За спиной у Лажечникова зашуршала сухая кукуруза. Сербин наконец-то ушел. Подумаешь, герой! Заявился на полчаса на передовую и хочет удивить людей, которые месяцами не выходят из-под огня, своим показным спокойствием и наигранной храбростью. Стыдно ему пригнуться! А демаскировать полковой НП не стыдно? Не успеешь ты перейти кукурузное поле, как немец начнет кидаться снарядами, и хорошо, если обойдется без потерь… А ты в это время уже будешь пить чай в Гусачевке.

Сдерживая раздражение, Лажечников снова наклонился к окуляру стереотрубы. Шуршание кукурузы за спиною утихло. Вот и хорошо, наблюдатель на колокольне, должно быть, зазевался и не заметил храброго майора, обстрела не будет.

В стереотрубу Лажечников видел ярко освещенные солнцем зеленые луга с копешками почерневшего сена, блестящее зеркало медленной реки, что наискось пересекала луга, образуя дугообразный выступ, подмытый водою противоположный правый берег и на нем, в зелени садов, большое село.

Каменная колокольня белою стрелой поднималась в небо над зелеными и красными крышами в центре села. Ближе к окраине избы стояли под соломой и камышом, а еще ближе к берегу реки тянулось длинное и приземистое, крытое тяжелой цементной черепицей строение колхозной свинофермы или коровника. Поблескивали остатками стекол низенькие продолговатые оконца, прорезанные высоко под самой крышей, — все строение хоть и было сплошь исклевано пулями, выглядело весело и мирно. И все село, и луга перед ним, и белая каменная стрела колокольни тоже выглядели мирно, хоть полковник Лажечников знал, что на белой колокольне сейчас сидит, как всегда, немецкий наблюдатель и смотрит в окуляр стереотрубы на высокий, в стеблях прошлогодней кукурузы обрыв над лугами левого берега, на его замаскированный НП, на иссеченную снарядами кустистую опушку леса, что начинается сразу же за кукурузным полем.

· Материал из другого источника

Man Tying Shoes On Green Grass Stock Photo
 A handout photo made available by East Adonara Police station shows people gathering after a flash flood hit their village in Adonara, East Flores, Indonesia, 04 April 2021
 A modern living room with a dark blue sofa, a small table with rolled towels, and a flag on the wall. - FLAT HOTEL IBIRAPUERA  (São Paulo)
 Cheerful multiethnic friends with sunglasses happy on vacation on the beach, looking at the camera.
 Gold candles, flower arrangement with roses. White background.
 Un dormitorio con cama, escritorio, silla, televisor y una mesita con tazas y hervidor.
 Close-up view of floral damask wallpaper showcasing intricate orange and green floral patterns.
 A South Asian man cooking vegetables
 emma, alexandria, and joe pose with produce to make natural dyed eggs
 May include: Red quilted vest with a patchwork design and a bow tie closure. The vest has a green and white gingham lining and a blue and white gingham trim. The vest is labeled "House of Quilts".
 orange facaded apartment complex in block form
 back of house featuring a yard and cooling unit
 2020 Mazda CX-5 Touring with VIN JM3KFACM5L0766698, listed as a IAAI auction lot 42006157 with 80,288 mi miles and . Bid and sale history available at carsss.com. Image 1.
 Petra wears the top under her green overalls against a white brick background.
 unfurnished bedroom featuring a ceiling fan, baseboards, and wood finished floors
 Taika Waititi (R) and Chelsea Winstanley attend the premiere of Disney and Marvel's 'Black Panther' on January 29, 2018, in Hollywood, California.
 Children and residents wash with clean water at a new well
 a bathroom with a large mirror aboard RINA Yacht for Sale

Село, которое разглядывал в стереотрубу полковник Лажечников, хоть и выглядело мирно, хоть и казалось уютным и веселым, на деле не было ни мирным, ни уютным, ни веселым.

Село имело мирный вид кладбища, на котором растут деревья и кусты, цветут цветы и зеленеет трава, в то время как между этими деревьями и кустами, под этими цветами и травою делают невидимое свое дело могильные черви.

За длинным строением колхозной свинофермы, за каждой избой, за плетнями и садами и даже за копнами прошлогоднего почерневшего сена на лугах левого берега сидели немцы. То, что они сейчас не стреляли, не имело никакого значения; ведь его люди тоже не стреляли, его людей тоже не было видно немецкому наблюдателю, однако этот наблюдатель знал: напротив села в лесу сидят советские солдаты — и, вполне возможно, знал не только номер части, к которой они принадлежат, но и фамилию их командира, то есть то, что хорошо знал о немцах и полковник Лажечников.

За излучиной реки у Лажечникова была переправа и небольшой плацдарм на правом берегу. С этого плацдарма позавчера на рассвете немцы, введя в дело новые танки, пытались сбросить в реку батальон капитана Жука.

Капитан Жук со своим батальоном не только висел на фланге у немцев, создавая угрозу для превращенного ими в узел сопротивления большого села, — он прикрывал переправу на левый берег в том месте, где кончался лес. Немецкие танки, если б им удалось прорваться через реку, могли выйти на оперативный простор в обход заболоченного леса и окружить дивизию генерала Костецкого.

То, что происходило позавчера на плацдарме капитана Жука, еще не было попыткой прорыва, скорее всего это была разведка боем, но эту разведку немцы осуществили при помощи своих новых танков и самоходных пушек, и уже одно это говорило об опасности их намерений.